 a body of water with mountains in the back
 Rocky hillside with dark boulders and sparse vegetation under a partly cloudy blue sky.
________________________________________
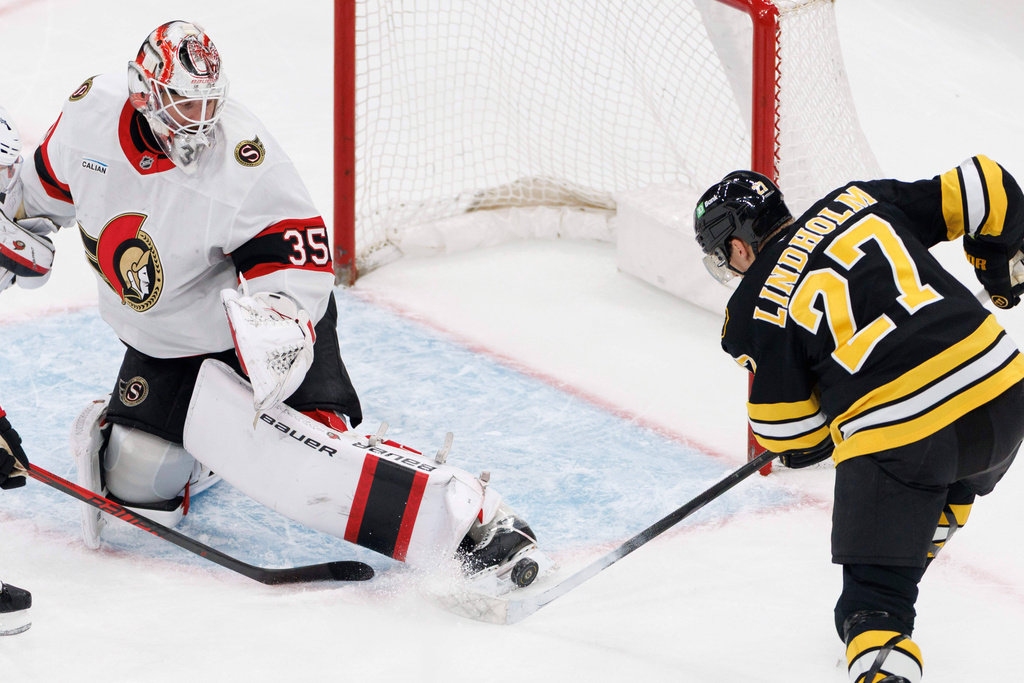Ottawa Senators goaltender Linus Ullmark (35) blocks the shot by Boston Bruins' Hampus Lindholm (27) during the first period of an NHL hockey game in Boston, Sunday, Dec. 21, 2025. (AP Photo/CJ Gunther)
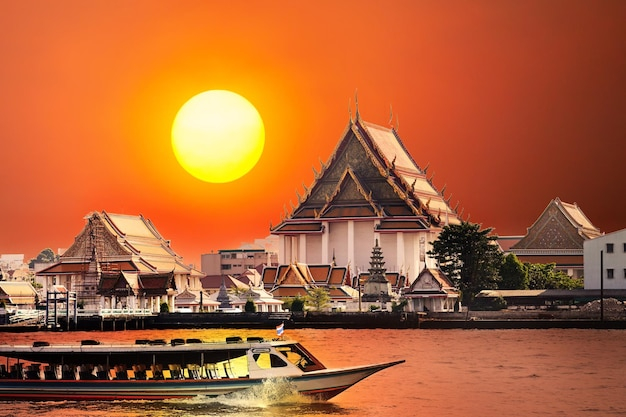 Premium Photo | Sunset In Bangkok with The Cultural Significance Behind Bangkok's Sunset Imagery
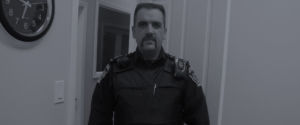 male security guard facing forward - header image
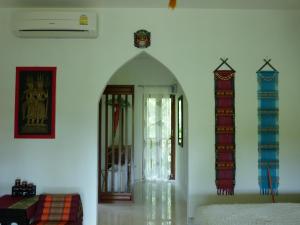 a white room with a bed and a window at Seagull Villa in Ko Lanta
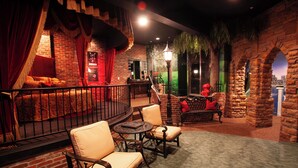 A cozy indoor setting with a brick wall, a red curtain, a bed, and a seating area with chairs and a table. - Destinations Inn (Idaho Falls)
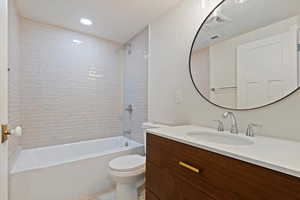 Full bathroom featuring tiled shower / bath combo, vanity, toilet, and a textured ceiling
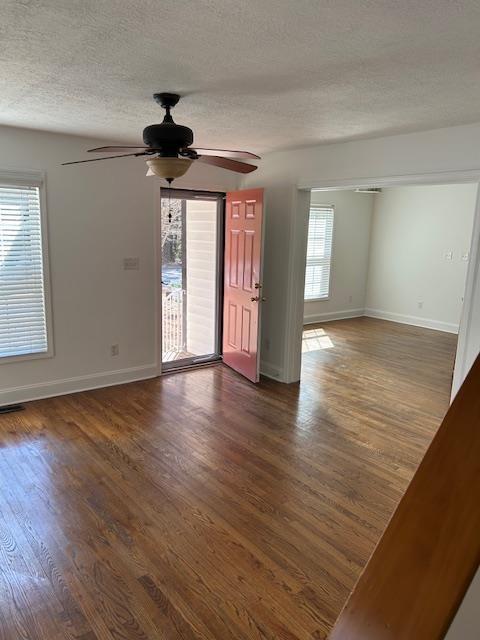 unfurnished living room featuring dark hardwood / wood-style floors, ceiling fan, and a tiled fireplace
________________________________________
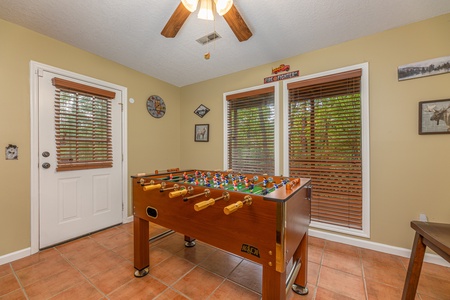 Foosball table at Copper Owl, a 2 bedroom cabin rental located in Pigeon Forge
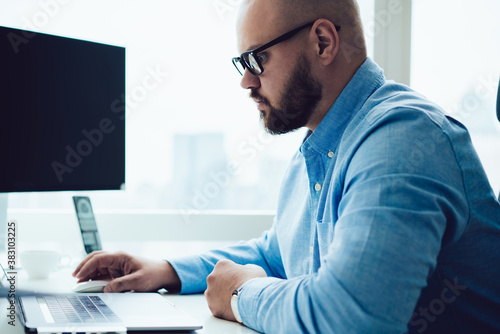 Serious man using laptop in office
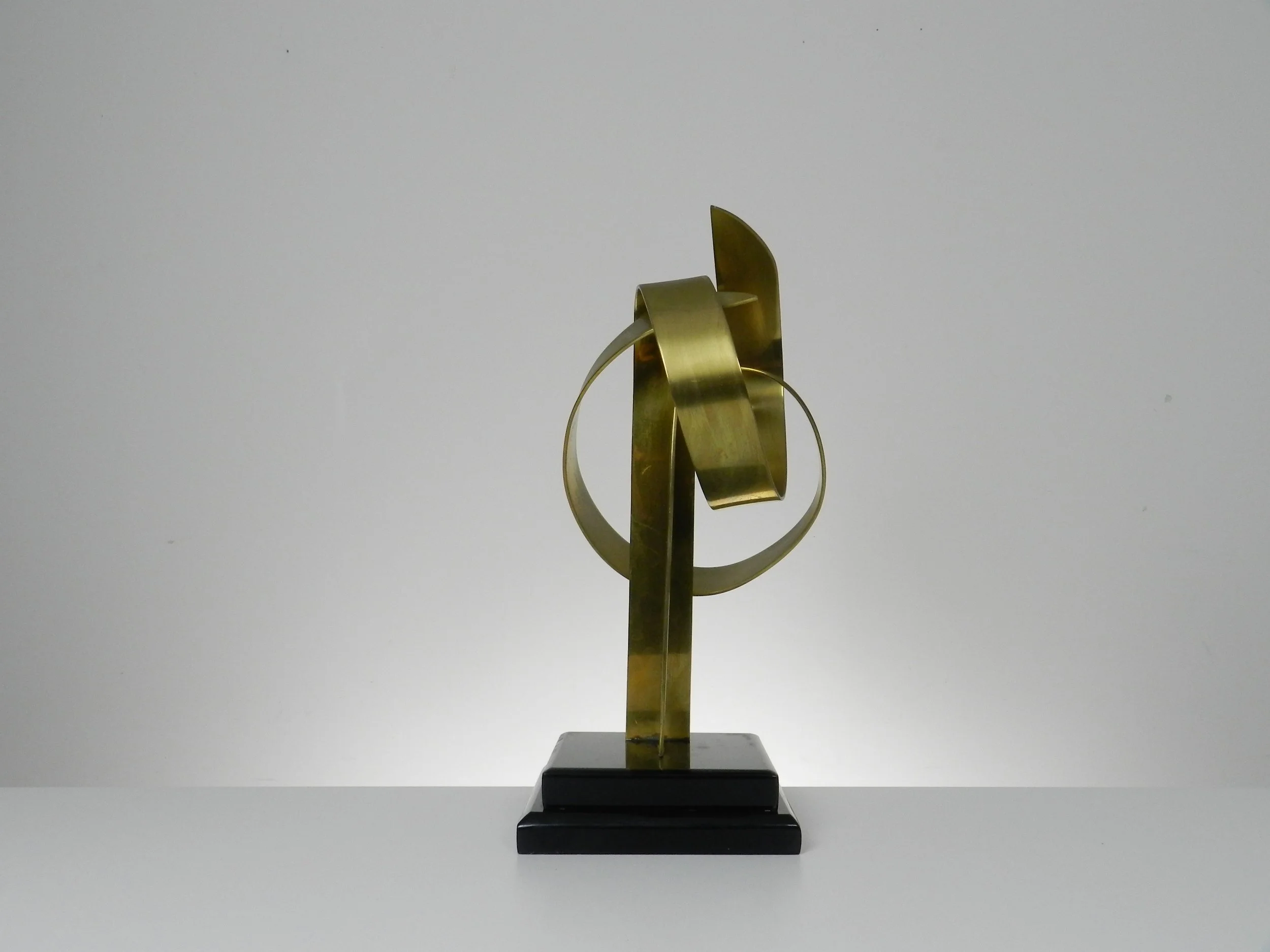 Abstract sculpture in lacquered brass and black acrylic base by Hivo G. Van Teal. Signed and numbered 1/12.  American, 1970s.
________________________________________
- Required action
Retype the records above, but only those lines that fall between the line containing "a body of water with mountains in the back" and the line containing "Rocky hillside with", with both of those lines included, exactly as written.

- Task output
 a body of water with mountains in the back
 Rocky hillside with dark boulders and sparse vegetation under a partly cloudy blue sky.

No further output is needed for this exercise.